An error occurred (InvalidInput) when calling the CreateHealthCheck operation:
Invalid parameter : Basic health checks must not have an metric region specified.

I did try removing the region from the AlarmIdentifier, but of course it's a required parameter, so the new error is:

Parameter validation failed:
Missing required parameter in HealthCheckConfig.AlarmIdentifier: "Region"

I found this 6-year-old issue in the aws-sdk-php repo, which indicates you can't specify an AlarmIdentifier with a "basic" health check. However, I can't find any reference in the docs as to what constitutes a "basic" health check, or what config would allow me to specify an alarm identifier.

So, my questions are:

  1. What specifically is a basic health check, vs a.. non-basic health check?
  2. How can I configure the health check with an alarm identifier, so it will trigger my CloudWatch alarm?

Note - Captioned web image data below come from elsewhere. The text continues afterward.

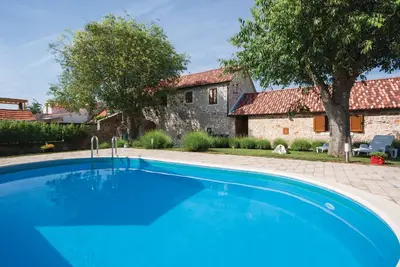 Image de Belle maison à Lozovac avec WiFi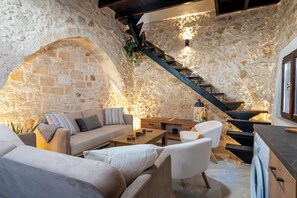 Smart TV - The Storybook Maisonette (Rethymno)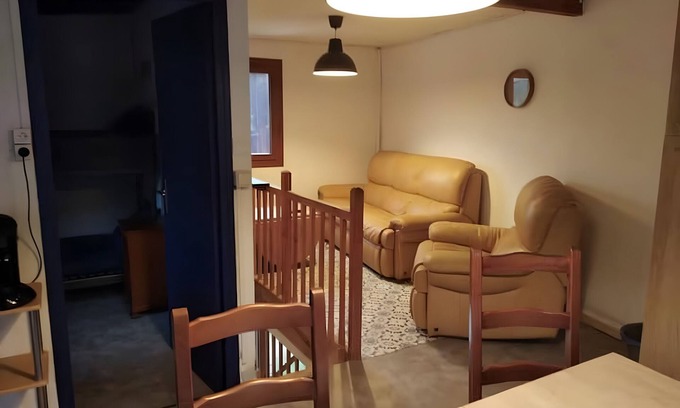 Roquefeuil House | Holiday Home 'Dans Les Pyrénées Audoises' with Mountain View, Private Terrace and Wi-Fi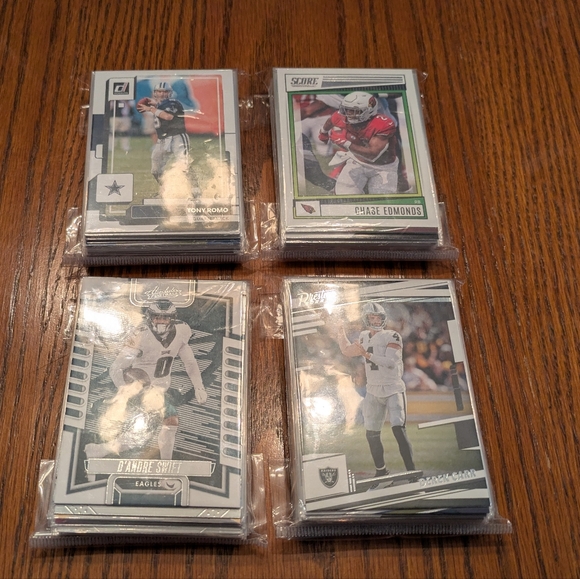 100 NFL Football Cards Lot 🏈 Football Trading Card Collection NFL Lot 🔥 - Picture 7 of 7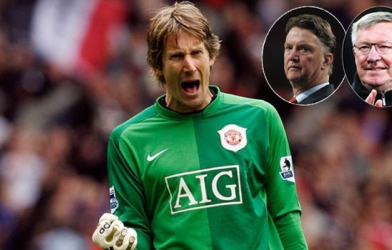 Van der Sar cho rằng Louis van Gaal còn giỏi hơn Alex Ferguson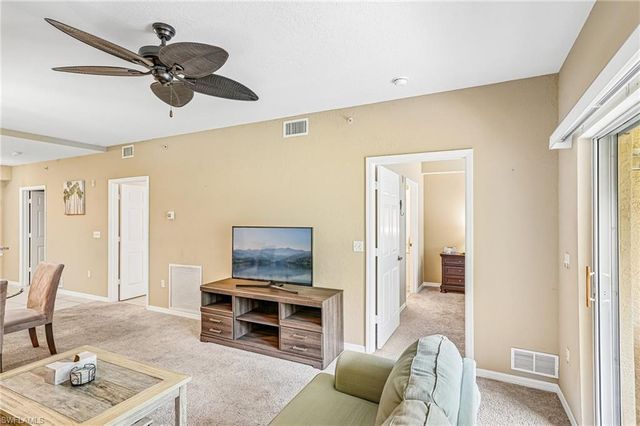 9185 Celeste DR 1-103, Naples, FL 34113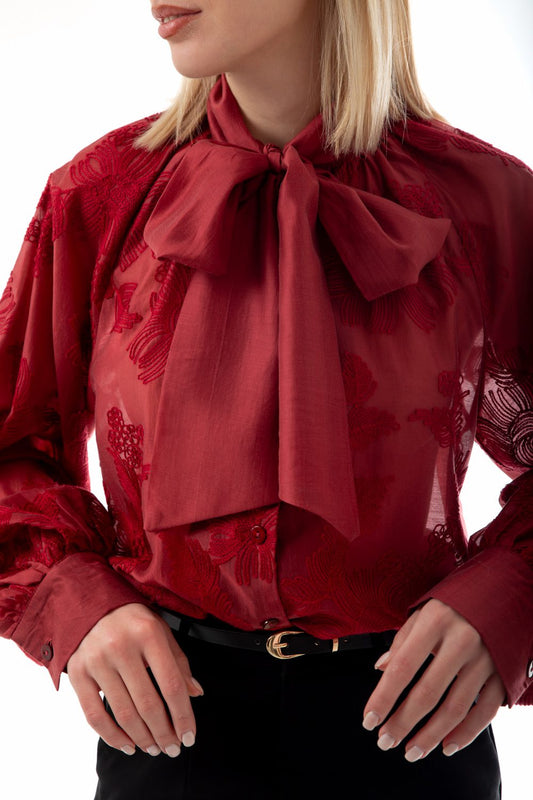 Πουκάμισο με κεντήματα και φιόγκο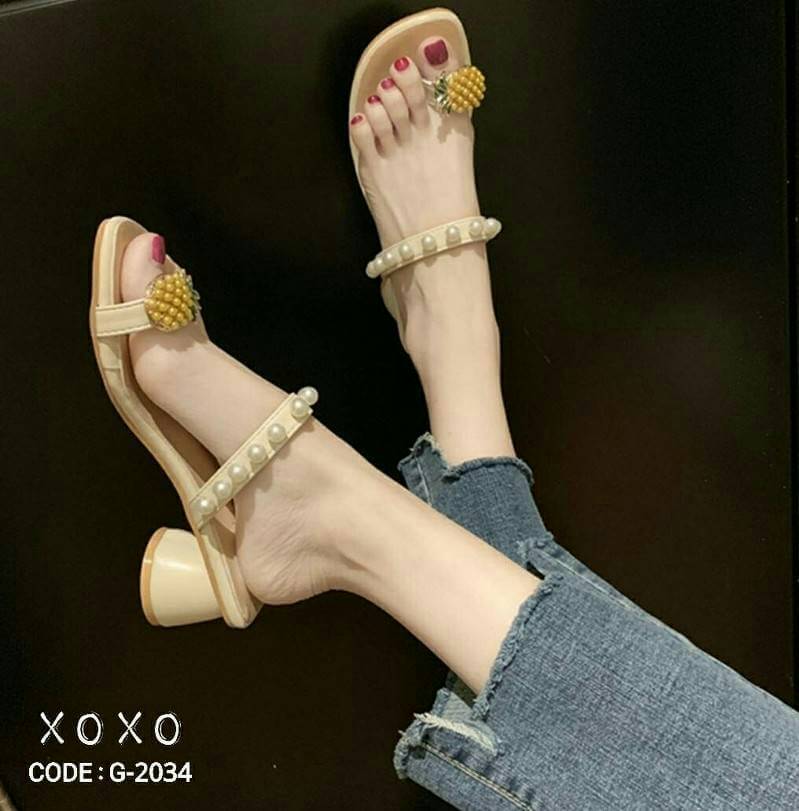 สินค้าพร้อมส่ง แตะสวมมีส้นเล็กน้อย งานใส่สบาย ส้นทรงสวย วัสดุหนัง PU สวมนิ้วโป้ง อะไหล่ทรงรูปสับปะรด สวย เก๋ เด่น คาดทับแต่งคาดไข่มุกด้านบน อีกชั้น สวยงาม สวมใส่แมทส์ชุดง่าย น้ำหนักเบา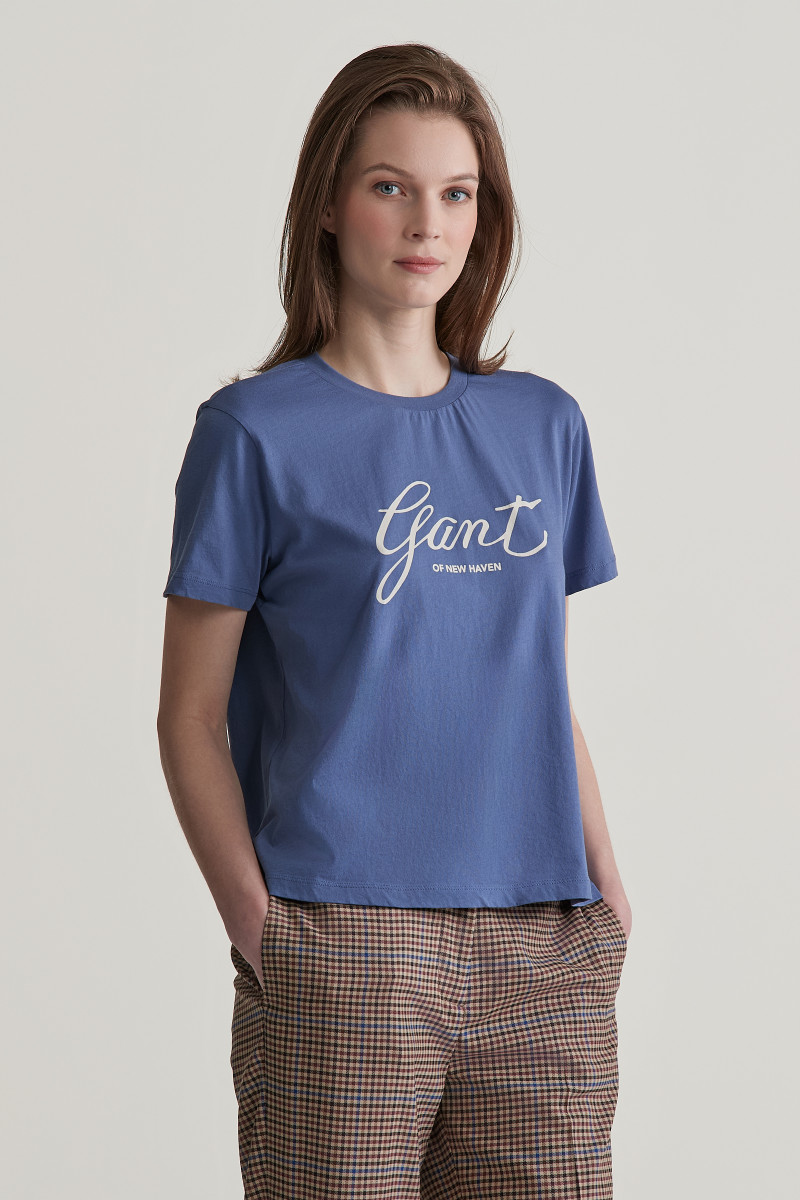 E-shop TRIČKO GANT REG SCRIPT T-SHIRT DUSTY NAVY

FWIW, I tried to do this with CloudFormation first, but the error it kept providing was extremely unhelpful and non-specific:

Resource handler returned message: "Invalid request provided: AWS::Route53::HealthCheck"

Solution

  • I eventually figured out AlarmIdentifier is not for specifying the alarm that the health check should trigger. The correct way to associate the CloudWatch alarm to the health check is to specify the HealthCheckId in the dimensions parameter when creating the alarm. Using the CLI, this looks like:

    aws route53 create-health-check --caller-reference cw-20240607 \
      --health-check-config file://health_check_config.json
    
    aws cloudwatch put-metric-alarm --alarm-name my-api-health-check \
      --namespace AWS/Route53 --metric-name HealthCheckStatus \
      --dimensions "Name=HealthCheckId,Value=<health check ID>" \
      --comparison-operator LessThanThreshold --statistic Average --period 60 \
      --threshold 1 --evaluation-periods 3 --datapoints-to-alarm 3 \
      --alarm-actions "arn:aws:sns:us-east-1:<account ID>:my-alerts"
    

    health_check_config.json contents:

    {
      "Type": "HTTPS_STR_MATCH",
      "FullyQualifiedDomainName": "api.dev.somedomain.dev",
      "Port": 443,
      "ResourcePath": "/health",
      "SearchString": "\"status\":\"ok\"",
      "EnableSNI": true,
      "Regions": ["us-east-1", "us-west-1", "us-west-2"]
    }
    

    Once the fix was apparent, I was able to deploy the health check and alarm via CloudFormation:

    {
      "AWSTemplateFormatVersion": "2010-09-09",
      "Description": "Testing Health Check and Alarm config",
      "Resources": {
        "Route53HealthCheck": {
          "Type": "AWS::Route53::HealthCheck",
          "Properties": {
            "HealthCheckConfig": {
              "Type": "HTTPS_STR_MATCH",
              "FullyQualifiedDomainName": "api.dev.somedomain.dev",
              "Port": 443,
              "ResourcePath": "/health",
              "SearchString": "\"status\":\"ok\"",
              "EnableSNI": true,
              "Regions": ["us-east-1", "us-west-1", "us-west-2"]
            }
          }
        },
        "HealthCheckAlarm": {
          "Type": "AWS::CloudWatch::Alarm",
          "Properties": {
            "AlarmName": "my-api-health-check",
            "Namespace": "AWS/Route53",
            "MetricName": "HealthCheckStatus",
            "ComparisonOperator": "LessThanThreshold",
            "Statistic": "Average",
            "Period": 60,
            "Threshold": 1,
            "DatapointsToAlarm": 3,
            "EvaluationPeriods": 3,
            "AlarmActions": [
              {
                "Fn::Join": [
                  ":",
                  ["arn:aws:sns", { "Ref": "AWS::Region" }, { "Ref": "AWS::AccountId" }, "my-alerts"]
                ]
              }
            ],
            "OKActions": [
              {
                "Fn::Join": [
                  ":",
                  ["arn:aws:sns", { "Ref": "AWS::Region" }, { "Ref": "AWS::AccountId" }, "my-alerts"]
                ]
              }
            ],
            "Dimensions": [
              {
                "Name": "HealthCheckId",
                "Value": { "Fn::GetAtt": ["Route53HealthCheck", "HealthCheckId"] }
              }
            ]
          }
        }
      }
    }